**The records:**
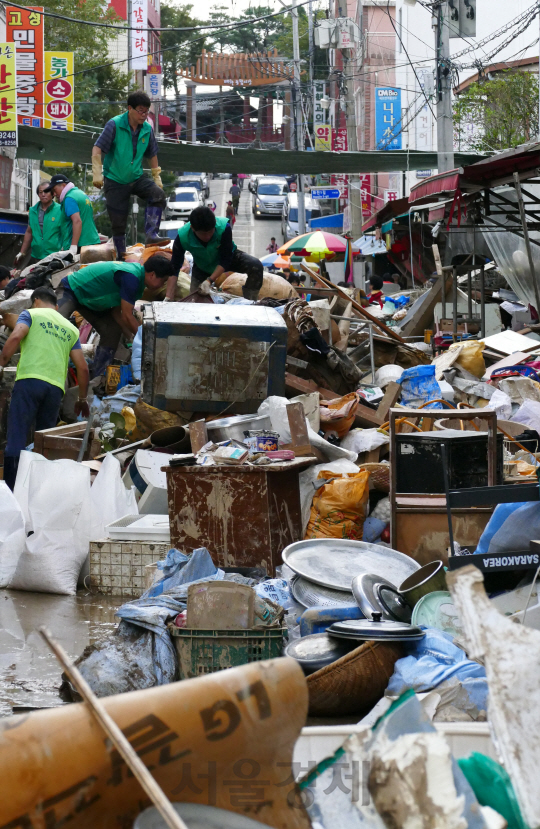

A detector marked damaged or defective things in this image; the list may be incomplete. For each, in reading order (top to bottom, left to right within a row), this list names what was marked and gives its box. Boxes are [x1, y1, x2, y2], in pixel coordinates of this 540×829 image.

rusted metal object [165, 460, 310, 576]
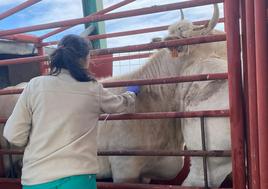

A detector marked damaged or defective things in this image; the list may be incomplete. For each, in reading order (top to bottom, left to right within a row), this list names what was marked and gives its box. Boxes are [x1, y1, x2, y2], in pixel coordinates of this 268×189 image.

rusty metal bar [0, 0, 42, 20]
rusty metal bar [38, 0, 136, 40]
rusty metal bar [0, 0, 223, 36]
rusty metal bar [40, 17, 225, 46]
rusty metal bar [90, 34, 226, 55]
rusty metal bar [0, 72, 228, 95]
rusty metal bar [224, 0, 247, 188]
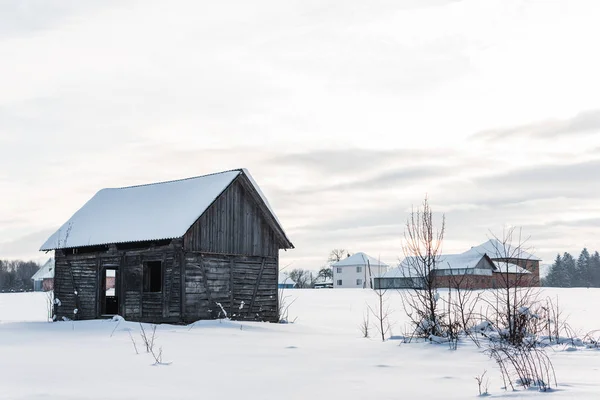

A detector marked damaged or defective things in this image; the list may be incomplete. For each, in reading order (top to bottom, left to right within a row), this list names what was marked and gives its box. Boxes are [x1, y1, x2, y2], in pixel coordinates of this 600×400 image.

broken window [144, 260, 163, 292]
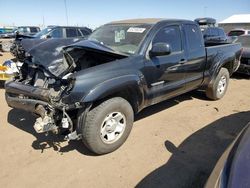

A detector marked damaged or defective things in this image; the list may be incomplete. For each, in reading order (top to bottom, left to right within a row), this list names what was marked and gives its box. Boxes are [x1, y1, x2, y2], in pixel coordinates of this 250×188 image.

front end damage [5, 39, 128, 140]
crumpled hood [25, 39, 128, 77]
damaged toyota tacoma [4, 18, 242, 154]
wrecked vehicle [4, 18, 242, 154]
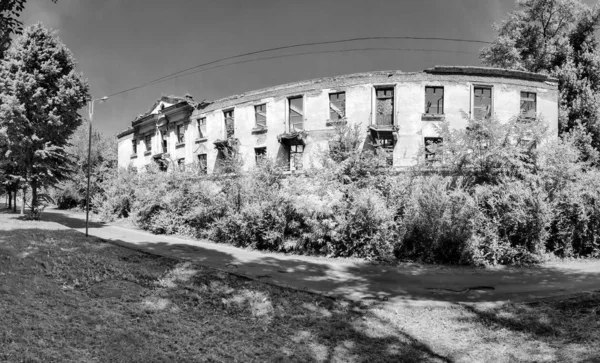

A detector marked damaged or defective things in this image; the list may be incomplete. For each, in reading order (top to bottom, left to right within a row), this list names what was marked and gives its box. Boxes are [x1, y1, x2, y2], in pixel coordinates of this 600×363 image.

broken window [376, 88, 394, 126]
broken window [424, 86, 442, 114]
broken window [474, 86, 492, 119]
broken window [516, 91, 536, 119]
broken window [424, 137, 442, 163]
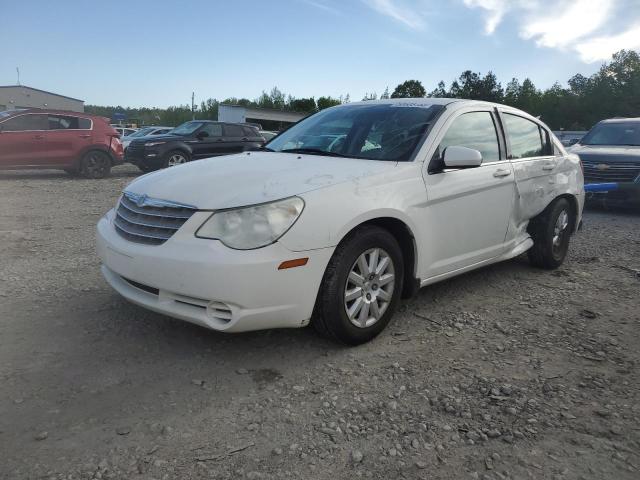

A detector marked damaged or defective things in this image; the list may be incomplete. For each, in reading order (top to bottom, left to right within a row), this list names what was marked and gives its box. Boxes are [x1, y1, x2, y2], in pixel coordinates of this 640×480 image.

damaged white car [96, 98, 584, 344]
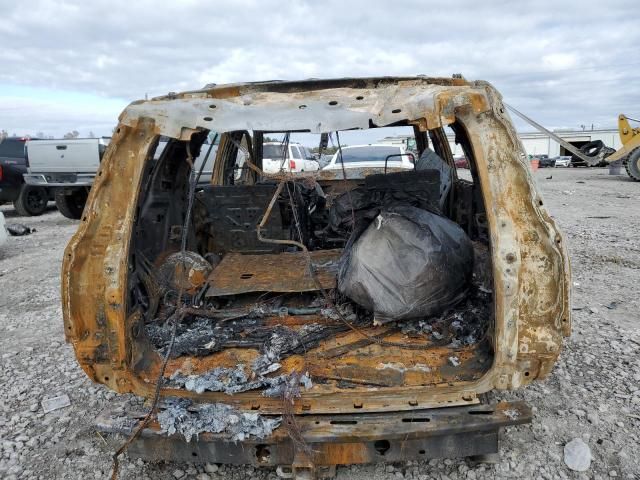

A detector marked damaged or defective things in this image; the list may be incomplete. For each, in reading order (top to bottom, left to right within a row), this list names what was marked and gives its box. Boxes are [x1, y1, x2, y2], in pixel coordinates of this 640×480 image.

burnt wire [110, 140, 200, 480]
rusted metal panel [208, 249, 342, 294]
rusty sheet metal [208, 248, 342, 296]
burnt interior [126, 122, 496, 396]
charred debris [126, 126, 496, 438]
rusted vehicle body [61, 76, 568, 476]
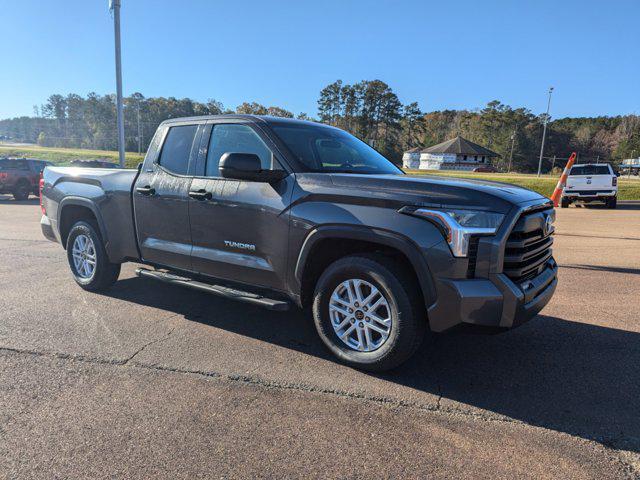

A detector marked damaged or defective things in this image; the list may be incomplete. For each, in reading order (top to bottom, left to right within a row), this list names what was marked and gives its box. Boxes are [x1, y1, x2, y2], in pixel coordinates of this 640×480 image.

crack in asphalt [0, 344, 636, 478]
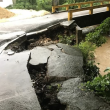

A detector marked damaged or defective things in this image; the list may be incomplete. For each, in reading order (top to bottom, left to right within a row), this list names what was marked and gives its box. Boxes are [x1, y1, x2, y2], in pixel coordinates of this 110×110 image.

broken concrete [29, 46, 51, 65]
broken concrete [0, 51, 41, 110]
broken concrete [57, 78, 110, 110]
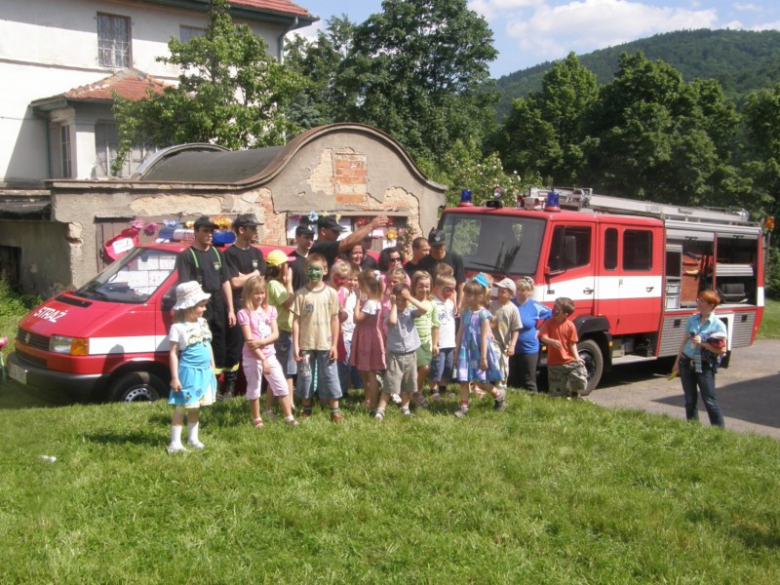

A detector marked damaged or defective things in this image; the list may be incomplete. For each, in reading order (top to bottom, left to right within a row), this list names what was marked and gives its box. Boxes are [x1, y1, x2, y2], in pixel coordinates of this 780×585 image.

peeling plaster wall [0, 219, 70, 296]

**Exercise goal:** Whatever the records hold apart from pictures should be repeated exactly.

**Result of this exercise:**
A detector marked damaged or defective things in this image; the list may be incomplete. For each, in reading order (top to bottom, left to right within a row), this list names what was marked and gives its box. Boxes are [x1, y1, x2, y2], in pixel coordinates of this 540×829 image.

rusted metal object [165, 460, 310, 576]

A detector marked damaged or defective things in this image; the list may be incomplete. For each, in reading order (top to bottom, left to right within a row), this list names what was marked and gives its box. Boxes are [x1, y1, x2, y2], in pixel coordinates of this 268×189 image.

rusty metal bar [0, 0, 42, 20]
rusty metal bar [38, 0, 136, 40]
rusty metal bar [0, 0, 223, 36]
rusty metal bar [40, 17, 225, 46]
rusty metal bar [90, 34, 226, 55]
rusty metal bar [0, 72, 228, 95]
rusty metal bar [224, 0, 247, 188]

A detector marked damaged or defective things in this image; the list may be incomplete. For each, in reading order (top to bottom, left to right within a row), this list names what was marked and gives its box. Boxes are [x1, y1, x2, y2], in pixel coordinates of this 600×400 image.

broken window [144, 260, 163, 292]

A detector marked damaged or defective things in this image; the list may be incomplete. For each, in reading order (top to bottom, left to right within a row), this list names what was marked and gives its box. Boxes are [x1, y1, x2, y2], in pixel coordinates of this 250×188 image.

front end damage [5, 39, 128, 140]
crumpled hood [25, 39, 128, 77]
damaged toyota tacoma [4, 18, 242, 154]
wrecked vehicle [4, 18, 242, 154]

A detector marked damaged or defective things in this image; the list may be incomplete. For each, in reading order (top to bottom, left to right within a row), this list names what was marked and gives its box. Boxes are [x1, y1, x2, y2], in pixel coordinates of this 600×363 image.

broken window [376, 88, 394, 126]
broken window [424, 86, 442, 114]
broken window [474, 86, 492, 119]
broken window [516, 91, 536, 119]
broken window [424, 137, 442, 163]

A detector marked damaged or defective things in this image; the list may be incomplete. For each, in reading order (top to bottom, left to right within a row), this list names what was marked and gives its box. Boxes are [x1, y1, x2, y2], in pixel coordinates of this 640×480 image.

damaged white car [96, 98, 584, 344]

A detector marked damaged or defective things in this image; the list may be incomplete. For each, in reading order (top to bottom, left to right within a row), this list names what was marked and gives its box. Boxes are [x1, y1, x2, y2], in pixel coordinates of this 640×480 image.

burnt wire [110, 140, 200, 480]
rusted metal panel [208, 249, 342, 294]
rusty sheet metal [208, 248, 342, 296]
burnt interior [126, 122, 496, 396]
charred debris [126, 126, 496, 438]
rusted vehicle body [61, 76, 568, 476]

A detector marked damaged or defective things in this image; the list may be incomplete. For each, in reading order (top to bottom, left to right within a row), this list names what was marked and gives its box. Boxes are [x1, y1, x2, y2], in pixel coordinates of this 640×480 image.

crack in asphalt [0, 344, 636, 478]

A detector marked damaged or defective things in this image; the list may be incomplete. For each, in reading order (top to bottom, left to right within a row), this list names what was marked and gives its box. Boxes are [x1, y1, x2, y2], in pixel coordinates of this 110×110 image.

broken concrete [29, 46, 51, 65]
broken concrete [0, 51, 41, 110]
broken concrete [57, 78, 110, 110]

A detector marked damaged or defective things in this image; the list may be incomplete. For each, in reading order (top to bottom, left to right within a row), this list names what was marked and gives its box. Boxes are [x1, y1, x2, y2], in pixel coordinates of this 780×585 image.

peeling plaster wall [0, 219, 70, 296]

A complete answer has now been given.